The program opened with the Dairy Statesmen, followed by a superb (and young) barbershop quartet from up around the Appleton area. . . and the finale of the evening was the mass men’s chorus singing two semi-classical pieces and two songs in barbershop style. But before the finale, like last year, a few minutes were taken to celebrate the solo voice. Last year that was primarily done by two of my best private voice students – Trevor Parker and Nic Sluss- Rodionov – but neither of them was around this year, and the concert fell during winter break so I couldn’t call on any of my Carthage students either. So they had to make do with Greg Berg. The barbershop quartet I followed did a fantastic job, and I knew that I had to come out with something very lively and fun or it would feel like Greg Berg’s Mortuary Hour. So I started out with Aaron Copland’s Ching -a- Ring -Chaw, which proved to be a great choice. After that, I said that my second song was being sung to celebrate the birthday of one of the world’s greatest songwriters. . . but no, it wasn’t Irving Berlin or George Gershwin or Cole Porter. . . but rather Franz Schubert. I was tempted to sing something big and flashy but didn’t want to do anything too long- so I opted for his “Death and the Maiden,” which is only about two minutes long but has a bit of drama built into it . . . plus I get to descend to a low D at the end, which is kind of fun. (As fun as a song about death can be, I guess.) The last song was a request of Kathy’s dad, and had I not sung it I probably would have been written out of his will . . . but I’m always thrilled at the chance to sing “Old Man River” and was happy to oblige.

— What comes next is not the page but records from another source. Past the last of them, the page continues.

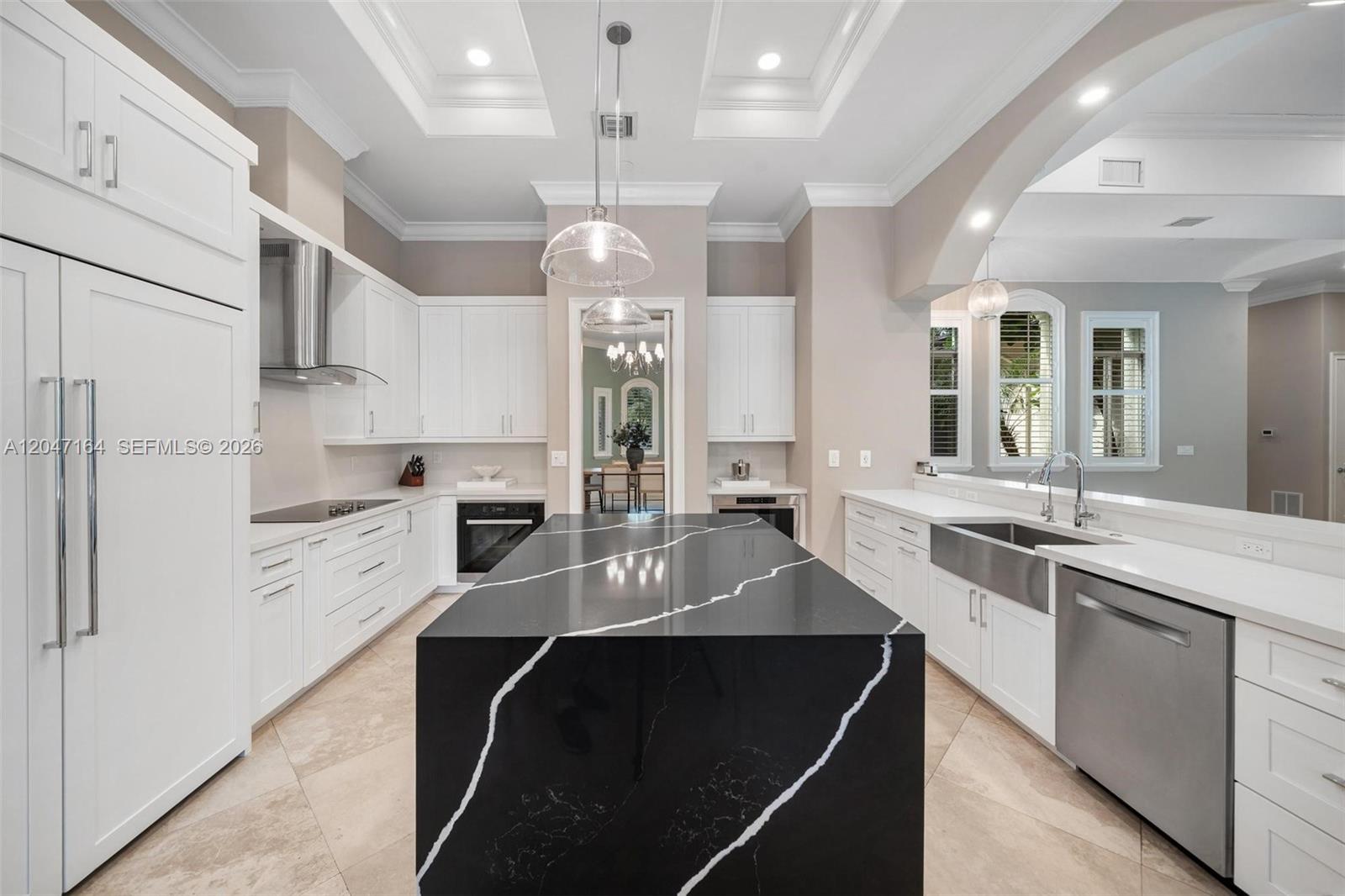 A modern kitchen features white cabinetry, a large black waterfall island, and stainless steel appliances — 6890 SW 94th St, Pinecrest FL 33156, PINECREST, FL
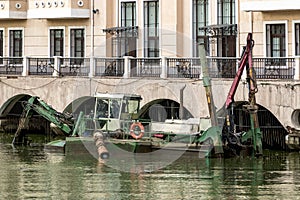 The dredger makes cleaning of the river bed in the place of formation of a pond. Russia exhibition center. Moscow. Russian Federat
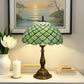 Tiffany-style table lamp with green stained-glass shade and bronze pedestal base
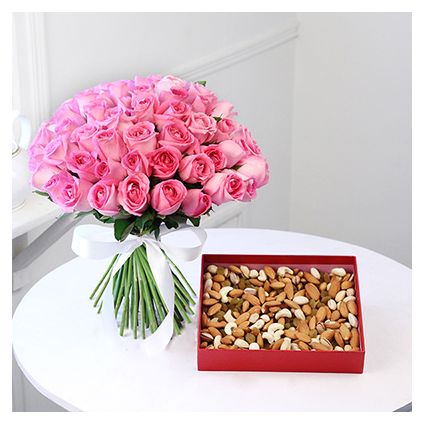 Pink roses with dry fruits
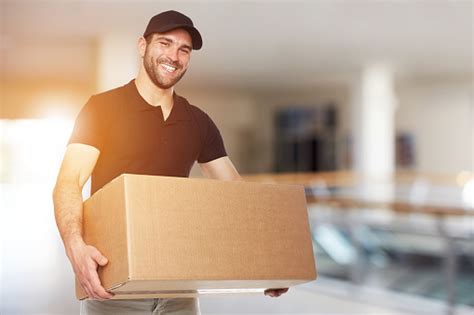 Happy Delivery Man With Box Stock Photo Download Image Now Istock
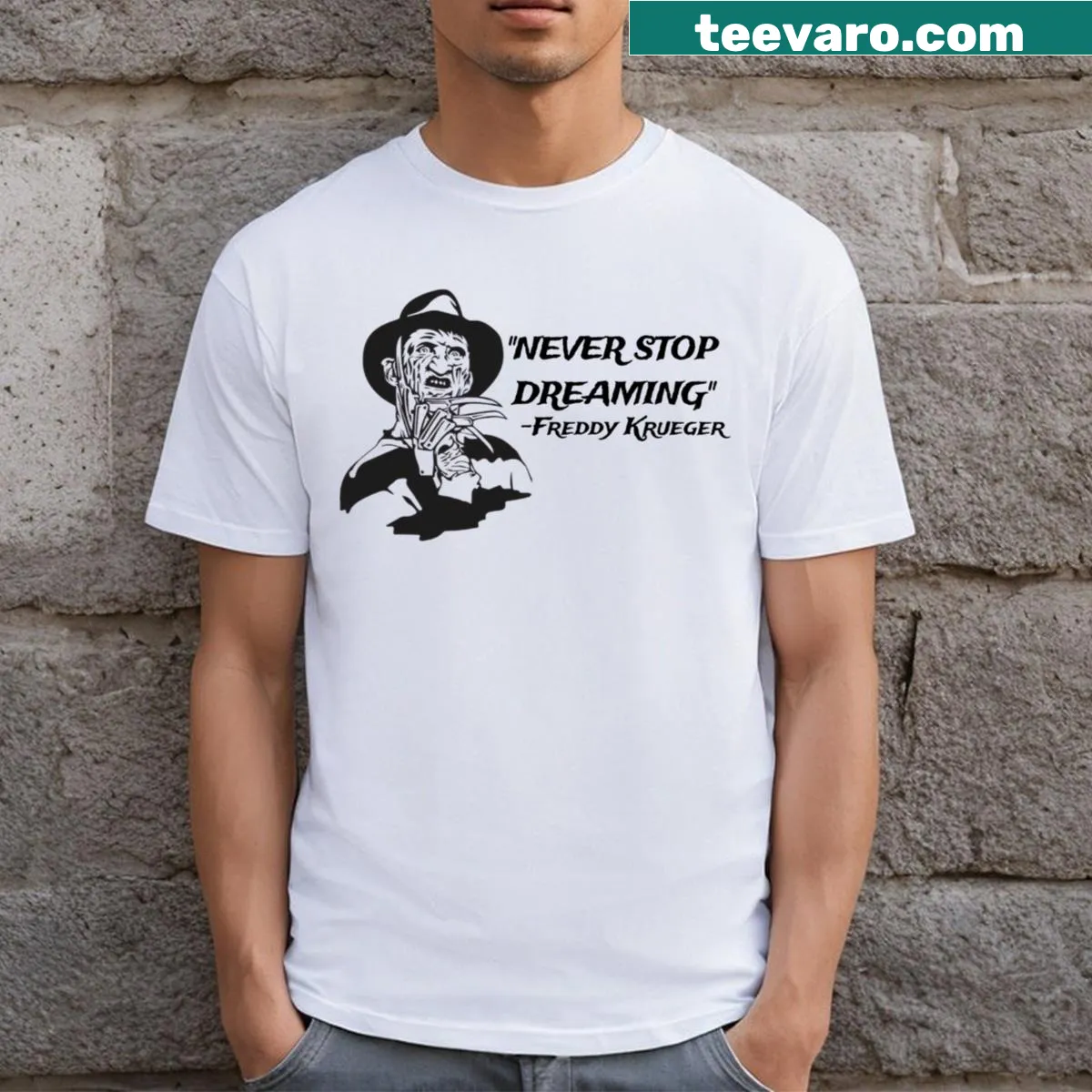 Illustrative T-shirt featuring Freddy Krueger with 'Never Stop Dreaming' text — on a men's t-shirt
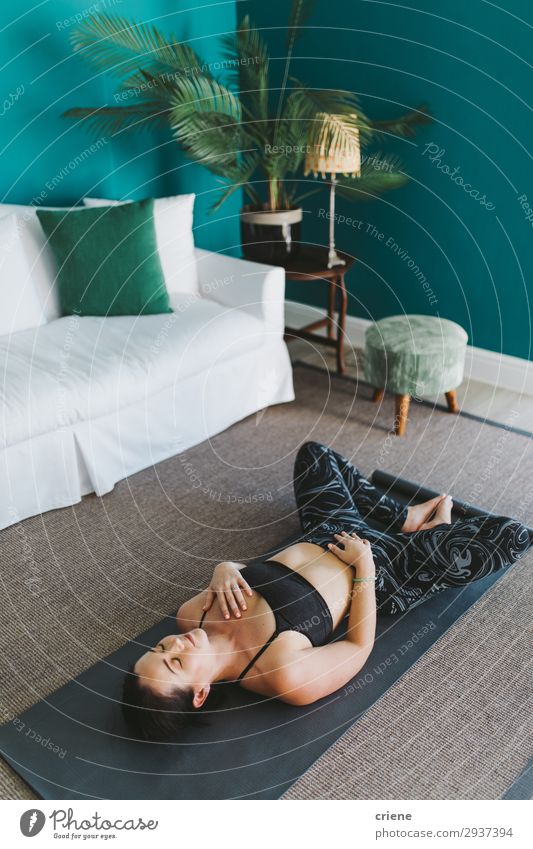 junge Frau entspannt sich beim Yoga im Wohnzimmer Lifestyle Glück schön Körper Wellness Meditation Haus Sport Mensch Erwachsene Pflanze Fitness Lächeln grau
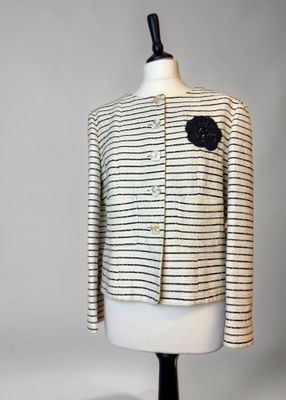 a white and black striped jacket on a mannequin mannequin mannequin mannequin mannequin mannequin mannequin mannequin
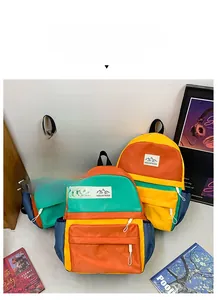 Vibrant color-block school backpacks with MOUNTAINS logo and multiple pockets for kids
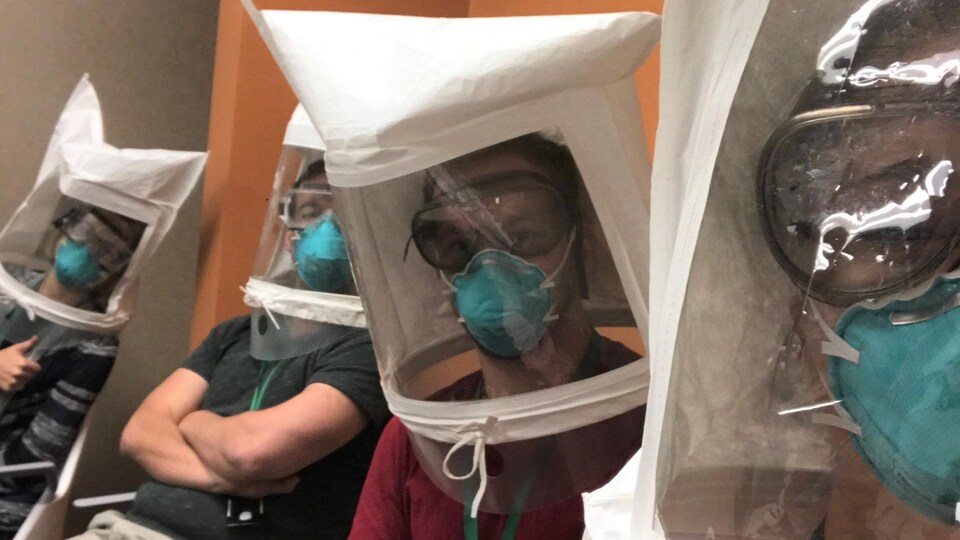Quatre hommes sont assis sur des chaises dans un hôpital avec d'énormes masques blancs qui protège leur tête au complet.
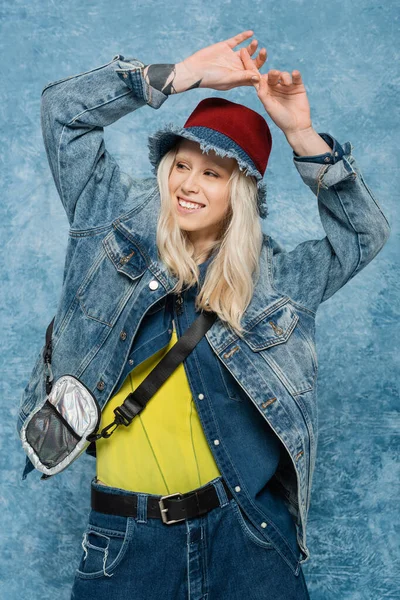 Cheerful woman in denim jacket and panama hat posing with raised hands near blue textured background — Stock Photo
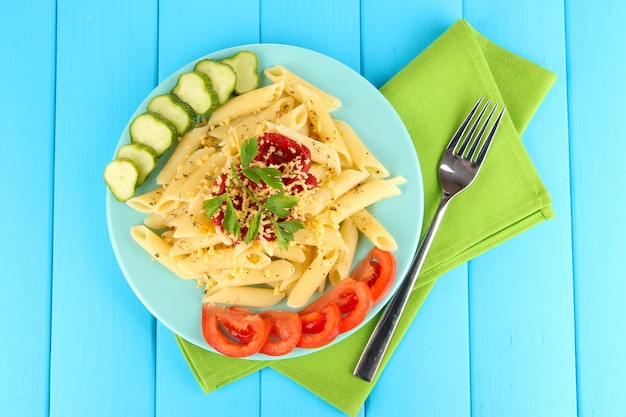 Plato de pasta Rigatoni con salsa de tomate en una mesa de madera azul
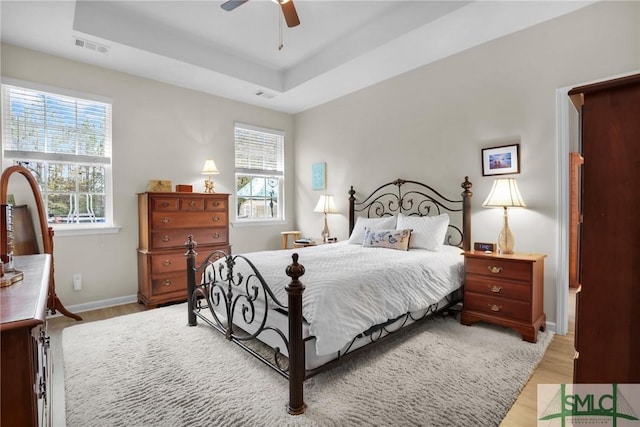 bedroom featuring a raised ceiling, ceiling fan, multiple windows, and light hardwood / wood-style floors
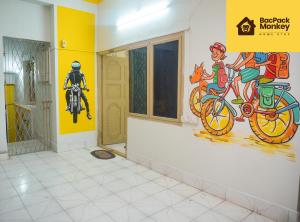 a room with a painting of a bike on the wall at Zapstays-Homestays in Visakhapatnam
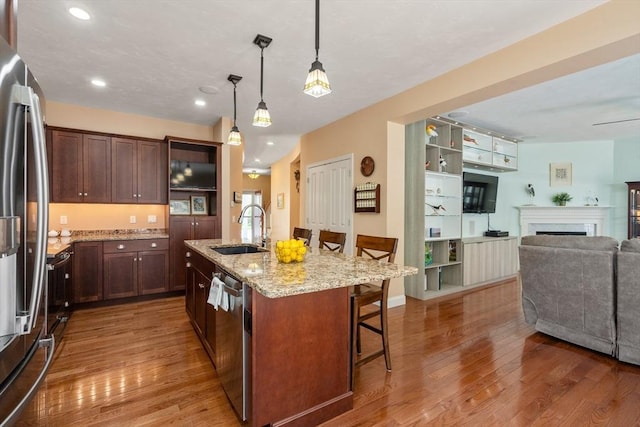 16 Boatwrights Loop, Plymouth, MA 02360 - kitchen with a sink, stainless steel appliances, a breakfast bar area, and wood finished floors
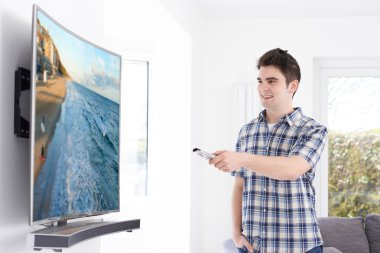Genç adam evde yeni kavisli ekran televizyonlu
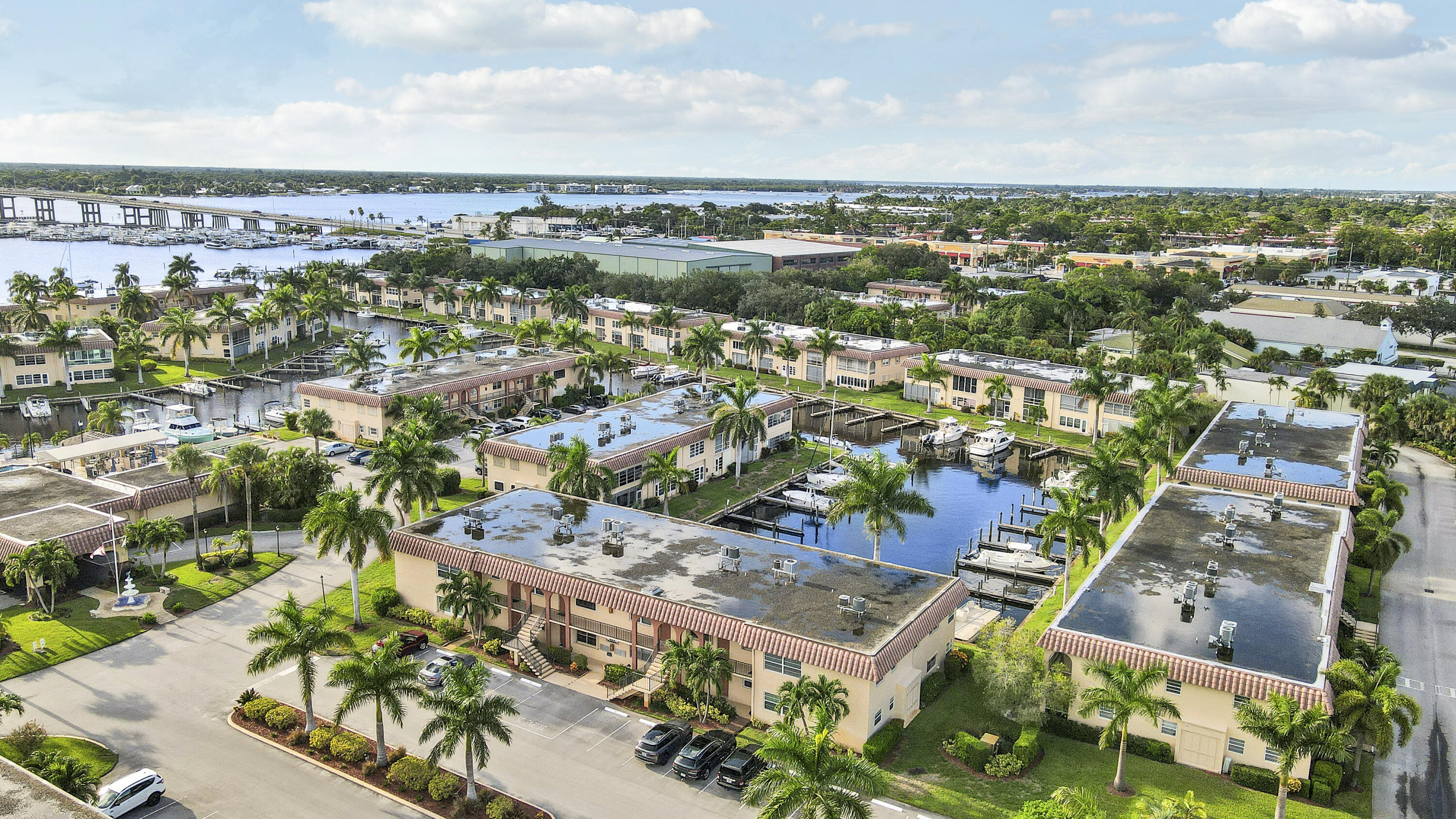 2600 South Kanner Highway, Unit Q8 Stuart, FL 34994 - Photo 36 of 52 an aerial view of residential building and lake view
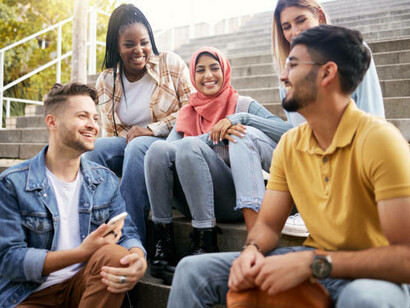 Students are gathered on the stairs, discussing their future goals and aspirations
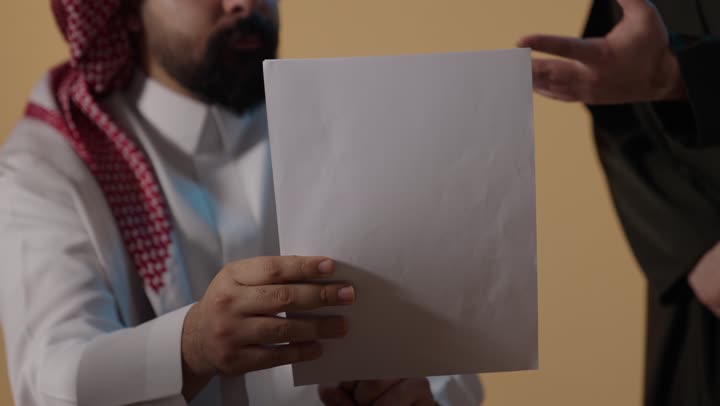 Saudi Man Holding Blank White Paper Studio Footage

But the best part of the night happened right after that, when the mass choir took to the risers for their four songs – and they really raised the roof. And almost better than the sound of the singing was just seeing all of those young men giving their all. Several of the guys who seemed to be most enthusiastic were students of Polly’s from Tremper- and several of her guys who graduated last year actually found their way back to Carthage to be part of this again just because they enjoyed it so much the first time around.
And at the center of it all was Kathy’s dad, acting as a most congenial master-of-ceremonies and just so delighted to see this event so well-received. And it truly was thrilling and encouraging to hear that group of 100+ guys cut loose with that massive, rich sound – and to look so happy doing it. The guys came in all shapes and sizes – and although the name of the concert seemed to imply that this was supposed to be a celebration of big, burly men singing, in fact quite a few of the guys looked more like members of the chess team than football team. . . . but that was neat as well – to see such a impressively wide range of men on those risers, with very little in common apart from their mutual love of singing.
pictured above: The mass choir under the capable direction of my faculty colleague Peter Dennee. By the way, the title of this blog entry is a reference to a once- famous book titled “Real Men Don’t Eat Quiche.” I may not be the burliest He-Man around, but I don’t like quiche, which may be why I love that book title so much.